Version 4. The thesaurus mining and re-arranging since version 3 has been bolded.
DCP wrote:Remember that, according to current scientific consensus, the Earth came into being in the same fashion that most if not all other objects in our solar system did, as a solidified cloud of dust particles and gases remaining as “left overs” from the very process that formed the Sun.  (They coalesced because of mutual and ever increasing gravitational attraction.)

 For maybe half a billion years, the interior of the planet remained solid and (relatively) cool, perhaps at a balmy temperature of approximately 2,000°F. But these conditions couldn’t (and didn’t) last forever.  The main components of the Earth’s interior in that epoch, according to currently available evidence and theory, were iron and various silicates — that is, salts combining silicon and oxygen.  But there were also small amounts of other elements, including some (notably uranium, thorium, and potassium) that were radioactive.

 As millions of years passed, energy released from those elements by slow radioactive decay gradually heated the Earth, melting some of its constituent materials.  The iron melted before the silicates could and, because it was heavier, it naturally sank toward the center.  In turn, this forced the lighter silicates that its descent displaced to rise up toward the proto-planetary surface.

 After many years, that slowly sinking and coalescing iron reached the center of the still-forming planet — and attained stability — at almost 4,000 miles from the surface.  

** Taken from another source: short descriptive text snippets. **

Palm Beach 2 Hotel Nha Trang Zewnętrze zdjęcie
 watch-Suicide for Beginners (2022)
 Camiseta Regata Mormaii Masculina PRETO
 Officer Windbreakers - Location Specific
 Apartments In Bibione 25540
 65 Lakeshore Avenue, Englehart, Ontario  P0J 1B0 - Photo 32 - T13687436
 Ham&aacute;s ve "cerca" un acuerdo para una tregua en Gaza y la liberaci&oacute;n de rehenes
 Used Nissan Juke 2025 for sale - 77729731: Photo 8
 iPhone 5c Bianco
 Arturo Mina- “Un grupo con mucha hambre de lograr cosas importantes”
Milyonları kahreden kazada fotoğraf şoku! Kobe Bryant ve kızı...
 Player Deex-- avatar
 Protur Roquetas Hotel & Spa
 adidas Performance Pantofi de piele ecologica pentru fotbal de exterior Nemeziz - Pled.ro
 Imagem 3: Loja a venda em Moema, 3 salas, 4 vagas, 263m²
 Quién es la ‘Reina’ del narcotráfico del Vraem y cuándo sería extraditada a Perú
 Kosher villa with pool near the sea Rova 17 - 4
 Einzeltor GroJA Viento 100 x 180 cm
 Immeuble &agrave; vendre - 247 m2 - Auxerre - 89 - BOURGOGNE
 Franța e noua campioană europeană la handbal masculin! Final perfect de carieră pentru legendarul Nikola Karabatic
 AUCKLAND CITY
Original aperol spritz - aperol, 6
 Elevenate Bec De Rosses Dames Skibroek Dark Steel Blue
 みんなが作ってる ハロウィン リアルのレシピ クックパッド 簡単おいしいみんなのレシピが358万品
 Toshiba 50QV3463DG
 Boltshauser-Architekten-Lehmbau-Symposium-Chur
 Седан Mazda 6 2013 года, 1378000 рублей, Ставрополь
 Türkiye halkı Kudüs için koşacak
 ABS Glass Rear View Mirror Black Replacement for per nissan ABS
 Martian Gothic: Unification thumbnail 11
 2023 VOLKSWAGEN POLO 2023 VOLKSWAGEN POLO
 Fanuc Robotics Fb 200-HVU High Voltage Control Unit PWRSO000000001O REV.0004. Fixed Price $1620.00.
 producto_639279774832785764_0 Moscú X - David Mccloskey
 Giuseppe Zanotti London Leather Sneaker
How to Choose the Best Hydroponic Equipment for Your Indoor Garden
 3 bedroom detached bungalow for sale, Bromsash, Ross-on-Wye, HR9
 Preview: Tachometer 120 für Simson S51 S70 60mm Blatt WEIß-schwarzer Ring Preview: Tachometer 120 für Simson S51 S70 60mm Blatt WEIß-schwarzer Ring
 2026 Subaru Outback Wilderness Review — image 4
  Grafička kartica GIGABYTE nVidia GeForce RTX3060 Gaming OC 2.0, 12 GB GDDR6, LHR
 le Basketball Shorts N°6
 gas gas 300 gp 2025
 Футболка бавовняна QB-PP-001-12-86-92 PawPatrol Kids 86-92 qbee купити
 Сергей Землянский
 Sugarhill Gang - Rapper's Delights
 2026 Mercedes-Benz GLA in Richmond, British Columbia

Finally, enough iron accumulated at the Earth’s center to become our planet’s core, more or less as we know it today.  Gravitation now kept it in place, because, obviously, to move further would be to move upward.  By contrast, the face of the Earth was still turbulent and unstable—suffering (as it were) gigantic earthquakes and even occasional sheer liquid bubbling, like simmering oatmeal.  Erupting volcanos pocked the Earth, and flowing lava covered virtually all of it.  Moreover, because the Earth’s protective atmosphere hadn’t yet come into existence, solar rays baked its outer surface and meteors frequently bombarded it.  But the Earth inevitably began to cool, as everything in the universe is naturally fated to do, and a thin but (again) fairly stable crust of solid rock formed.  Of course, that crust wasn’t perfectly smooth.  There were depressions (and elevations) in it.  These formed natural basins.  Meanwhile, water was rising from the interior of the planet through fissures and via volcanic eruptions, and that water collected to form Earth’s primordial seas.
 
It was in these primeval oceans, most contemporary scientists believe, that the first stirrings of organic life occurred.  But all of the processes summarized above had to happen before the Earth was ready for biology to appear.
 
And then life arose with incredible speed, almost (it now seems) instantly.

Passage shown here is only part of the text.